I think everyone who ever worked with big data is already familiar with the Hadoop clusters. There are many Hadoop distributions available, like the HortonWorks or Cloudera. But you can also provision the cluster in the Cloud. Microsoft Azure offers service called HDInsights that can be used to quickly spin up a big data clusters without thinking about underlying infrastructure. It seamlessly integrates with Azure Data Lake Storage or Azure Storage Account creating a resilient and cost-effective solution. If you prefer PaaS services as I do, then you should definitely check it out.
But the reason to write this post is not to list the advantages of the HDInsight over other Hadoop distributions. In my last two posts, I focused on the SAP DataHub and if you read one of Frank’s Schuler articles about its architecture then you already know that the integral part of the solution is SAP Vora. And as the HDInsight meets the SAP Vora requirement I was wondering if I can enable integration between those two products.
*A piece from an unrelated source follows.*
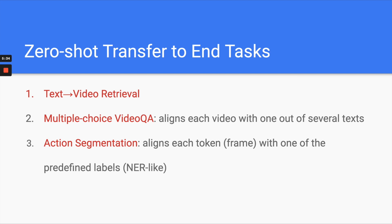Action segmentation is very interesting. If you're an NLP person, think of it like named entity recognition (NER) but for video. You predefine certain labels — for example, a person is cooking, a person is running. Your model receives a video as a sequence of frames, and classifies each frame to a predefined label: nothing, person running, person cooking, person writing, person typing. So if someone is running from frame one to frame ten, those ten frames will all be classified as 'running,' and the rest maybe as 'nothing.'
The SAP Data Hub and SAP Vora run on Kubernetes engine and if you’d like to follow this guide I highly recommend to use my previous post where I describe how to make it running in Azure.
To enable the integration between SAP Vora and the Hadoop cluster we need to install the Spark extension available to download from SAP Launchpad. Depending if you’re running a pure Vora or the DataHub + Vora you should download the correct package:
SAP Vora 2 Spark Extension – when you have a pure SAP Vora installation
SAP Data Hub Spark Extension – when working with SAP Data Hub
There are a few differences between those products but in most cases, it uses the same code base. The major difference I noticed is different handling of authentication, as the SAP Data Hub implements multitenancy. In the following guide, I will focus on the SAP Data Hub extension, but the steps in the majority will work exactly the same for the SAP Vora plug-in. To get a full understanding of how to implement the connection I decided to follow the manual installation mode. As always I recommend getting familiar with the Installation Guide which contains much valuable information.
PROVISION HDINSIGHT CLUSTER
I think deployment of HDInsight cluster is quite complex compared to other Azure PaaS services and requires a bit of Hadoop understanding. But if you follow my steps you should not encounter any issues. The very first question to consider is what sort of the HDInsight cluster you need. The Azure choice is quite large and you can choose from seven different configurations that include solution optimized for data analytics (Spark), NoSQL (HBase) or messaging (Kafka).
When creating an HDInsight cluster in Hadoop I found it better to switch to the Custom settings as it gives much more control over the server configuration. As I want to focus on the data analytics I decided to go with the Spark cluster. If you choose a different type there it may be required to perform additional configuration.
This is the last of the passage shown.